George W. Bush and his dad ran some of the most notoriously ugly and negative campaigns in modern politics. They do that because they know that in the long run it always helps Republicans to go negative. In most elections one candidate goes negative and the other responds with equally negative attacks. Everyone gets sick of the process and starts talking about the lesser of two evils. That depresses voter turn-out by increasing cynicism, which traditionally helps the Republican Party because their wealthy and upper-middle class base will always vote regardless. It's no coincidence that the Republican landslide in 1994 was the lowest turn-out election in decades.

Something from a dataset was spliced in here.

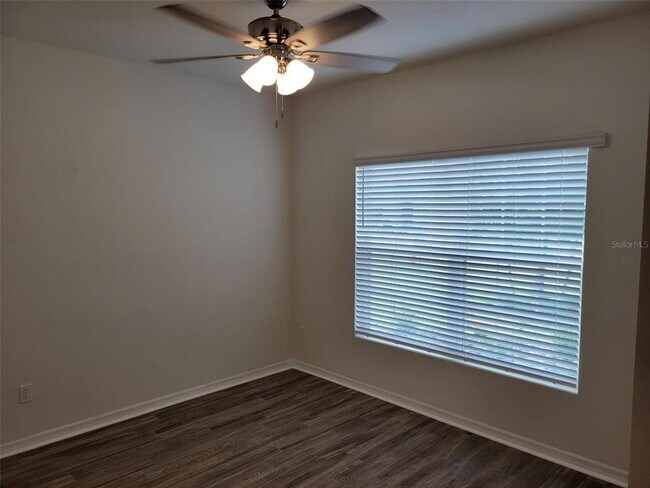 Building Photo - 3935 Fescue St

We finally have a candidate who knows how to escape that trap. We have a Democratic nominee who knows how to make ugly attacks hurt the other party more than it hurts him. I've heard some people argue that Obama needs to go aggressively negative against McCain, but I think he needs to keep doing what he did so well in the Democratic primary and his US Senate election.
We have a candidate who knows how to respond to attacks without fueling the cycle of cynicism and voter disenchantment. Keep it up Barack.
Cross-posted from my blog.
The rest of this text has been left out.